Material for the task →
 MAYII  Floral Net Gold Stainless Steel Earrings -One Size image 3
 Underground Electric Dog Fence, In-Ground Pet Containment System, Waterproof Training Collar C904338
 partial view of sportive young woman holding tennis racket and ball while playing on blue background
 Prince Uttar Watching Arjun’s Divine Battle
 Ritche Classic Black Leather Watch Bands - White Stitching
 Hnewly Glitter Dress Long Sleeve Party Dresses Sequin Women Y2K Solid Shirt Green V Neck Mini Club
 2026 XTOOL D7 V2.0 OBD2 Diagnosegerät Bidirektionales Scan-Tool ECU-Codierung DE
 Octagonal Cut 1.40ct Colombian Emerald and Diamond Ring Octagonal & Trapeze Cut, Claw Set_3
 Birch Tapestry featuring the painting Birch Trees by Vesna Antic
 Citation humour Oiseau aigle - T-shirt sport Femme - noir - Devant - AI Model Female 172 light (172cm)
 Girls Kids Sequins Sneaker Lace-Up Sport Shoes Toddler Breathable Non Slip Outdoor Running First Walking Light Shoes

Assignment →
Beginning with the line that has "Octagonal Cut 1.40ct", set down each line through the last one above, exactly, and nothing else.

Answer →
 Octagonal Cut 1.40ct Colombian Emerald and Diamond Ring Octagonal & Trapeze Cut, Claw Set_3
 Birch Tapestry featuring the painting Birch Trees by Vesna Antic
 Citation humour Oiseau aigle - T-shirt sport Femme - noir - Devant - AI Model Female 172 light (172cm)
 Girls Kids Sequins Sneaker Lace-Up Sport Shoes Toddler Breathable Non Slip Outdoor Running First Walking Light Shoes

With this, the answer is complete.